What may surprise some people is that despite this recognition there are only around a dozen or so of his oil paintings in existence and some of these are either incomplete or their authenticity regularly called in question. There is an even smaller number of cities that are lucky enough to house one of Da Vinci’s paintings and Krakow is blessed with this honour.

The painting in question is called “The Lady with Ermine” and is usually housed in the Czartoryski museum in the Old Town-regarded as one of the oldest private museums in the world. 

The painting was purchased in 1800 by Prince Adam Czartoryski who shipped it off to his mother in Poland who was by that time already starting to build her private collection.

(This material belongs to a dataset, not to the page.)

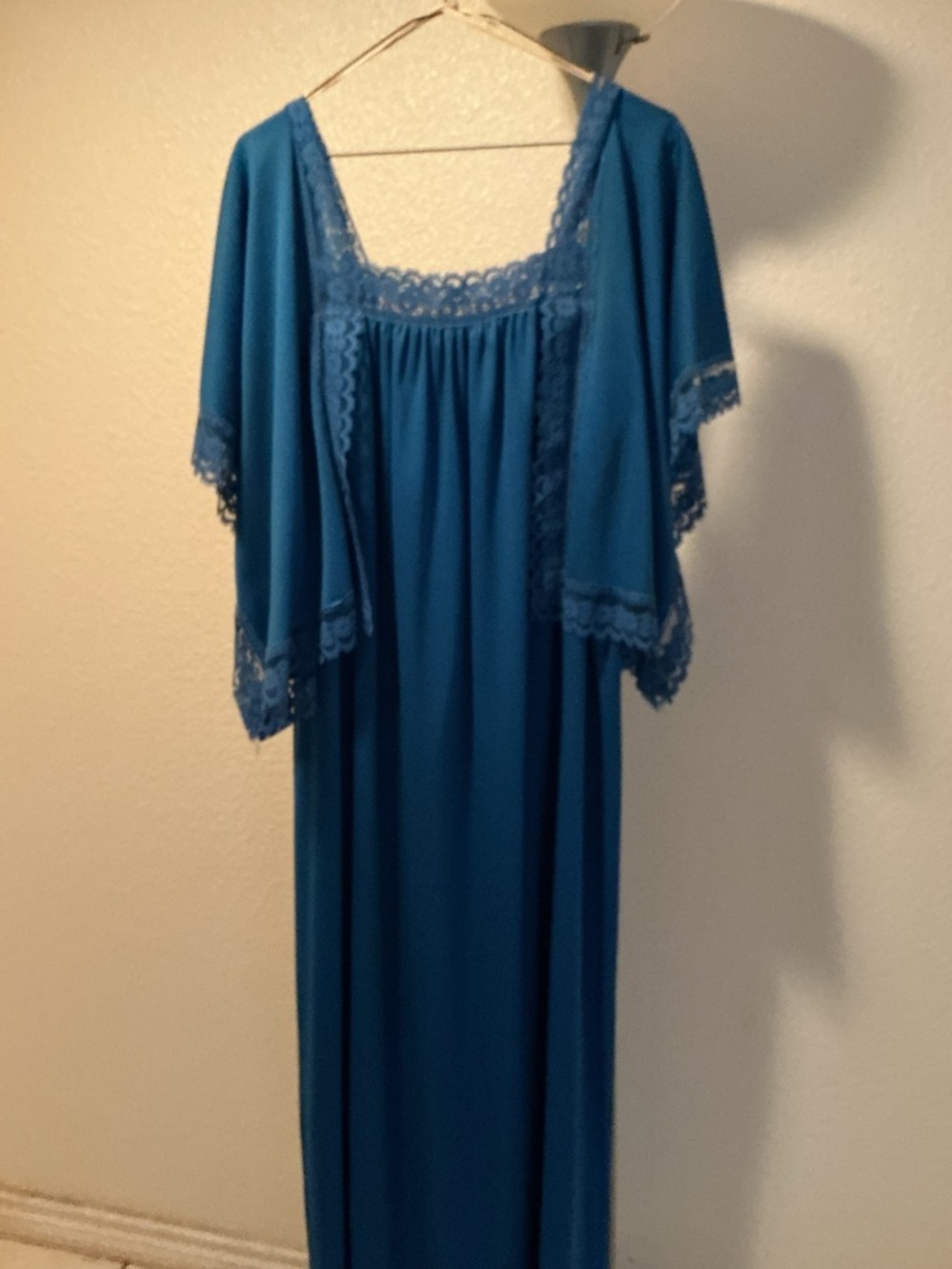Blue Lace-Trim Nightgown and Robe Set - Women Intimates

Poland’s turbulent history is mirrored with the history of The Lady with Ermine as the picture has had to be moved several times to escape invading armies. During the Second World War it is perhaps unsurprising that the Nazis had seized possession of the picture. Hans Frank, the governor of Poland, kept the painting in his private accommodation which he had set up within Wawel castle but by the end of the war it had disappeared only to be eventually found at Frank’s summer retreat in Bavaria.

Although Krakow is very popular with tourists it doesn’t have the huge numbers that visit London, Rome, Florence or Paris (cities that also house Da Vinci oil paintings) so the experience of viewing the Lady with Ermine feels more personal without the distraction of hundreds of tourists clamouring to see the same picture.